I laugh and we run into the kitchen to the window. We are like two kids, running for the door to get out of school before we are caught ditching class.

“There it is! There it is!” he taps on the window and I press my forehead to the window to look into the still black morning. Sure enough, Templeton’s belly up in our backyard, and the trap is about two feet from him. FYI, rat traps are about 10 times the size of mouse traps. Also, our rat, Templeton, knew how to get at the food without setting off the hinge that would end him. If Templeton knew how to do that, then he totally knew about my lousy housekeeping.

“What do we do now?” I ask while Jesse and I are still looking outside.

“I’m gonna put it in the trash.” He walks over to the white garbage can in our kitchen, picks it up, and brings it to our back door.

I open my mouth to scold him; to tell Jesse that under no circumstances is he allowed to dump a rat into our kitchen garbage then BRING IT BACK INSIDE, but I stop and remember sweet Aaron and Jess. The two of them, they had problems. I’m talking about questioning their parents’ decisions, wondering where they’ll live, and if there is a God. But they held hands and explored the city together and I’m not sure the two ever figured out the mystery of who they are or what they believe, but they kept each other company and they made each other blush and smile.

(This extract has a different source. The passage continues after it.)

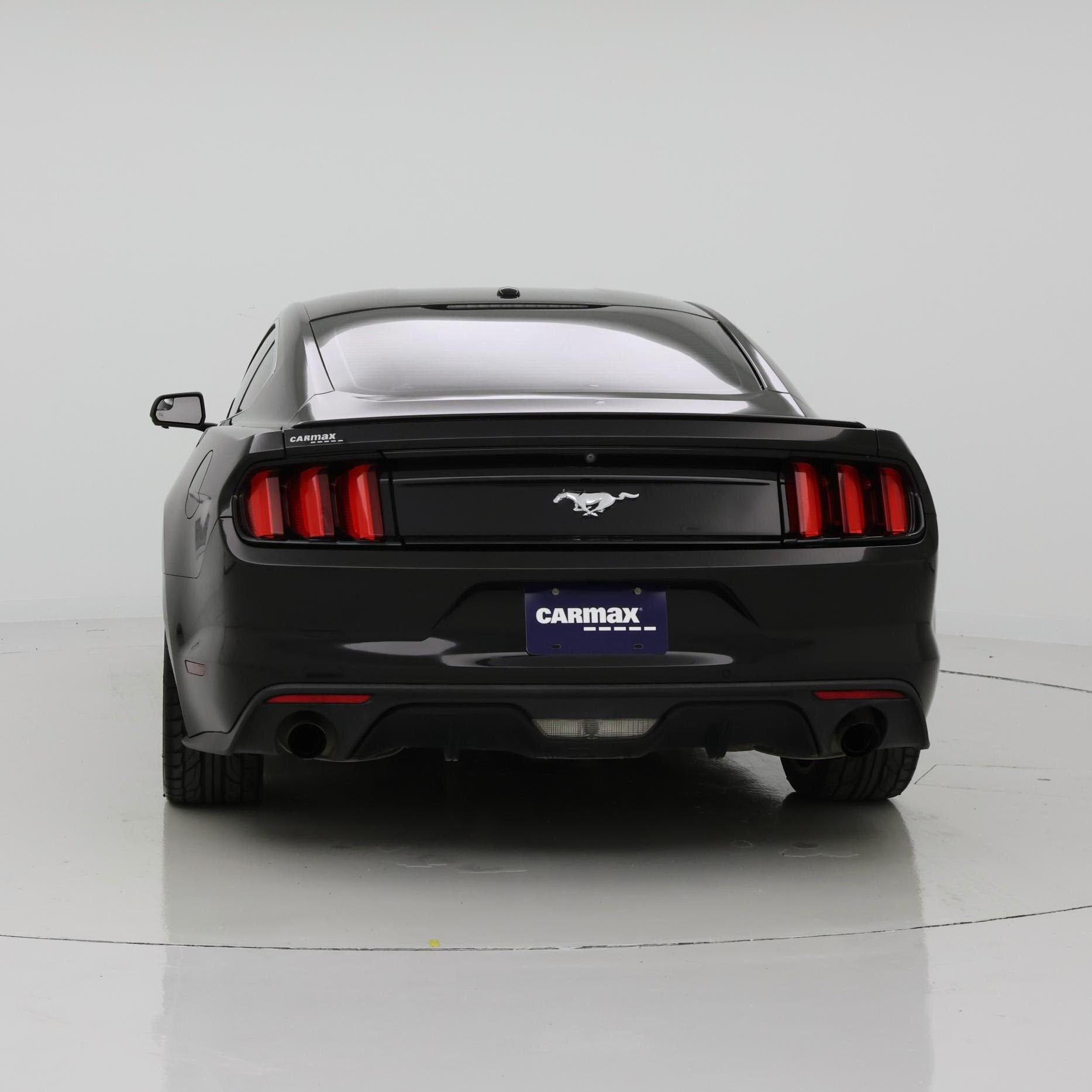 Thumbnail: 2017 Ford Mustang - 6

So I say nothing. I stand there watching my husband of seventeen years, a person I’ve known since I was nineteen, lift the garbage bag out of the can, slip on work gloves, and walk outside.

I stand at the window and watch as Jesse picks Templeton up by his tail and lift him up so he’s dangling above the garbage bag.  Jesse looks at me, and smiles. I can see he’s laughing, too. I remember the first time I made him laugh like that. We were walking down Superior towards Gino’s East in Chicago for pizza. He’d come to visit me for the weekend, and I hoped to impress him enough to be my boyfriend. A few months later he would propose in the city, and I would say yes and he laughed again. Jesse’s laugh is contagious and mischievous and his eyes sparkle so that even if you don’t know what the joke is, you laugh anyway.

He dumps the rat in the bag, brings it over to the garbage next to our garage, and slam dunks it in. He rips off his gloves and dumps those in, too. I watch crows land on the roof of our garage and notice the sky has begun to waken as hints of blue seep through the black.

“See you tonight!” Jesse yells from the garage door. I wave, and blow him a kiss. He closes the garage door and the crows jump at the sound.

I rinse my coffee cup and put it in the dishwasher. I walk into the living room and see the wet marks from Jesse’s feet from when he came in to tell me about the rat. I see the dents in the left side of the couch where I was sitting. Bliss’ book is open and resting on the arm, so I walk over to close it until tomorrow when I’ll read more about Jess and Aaron.

It’s a good story, and tonight, I’ll play Miles Davis.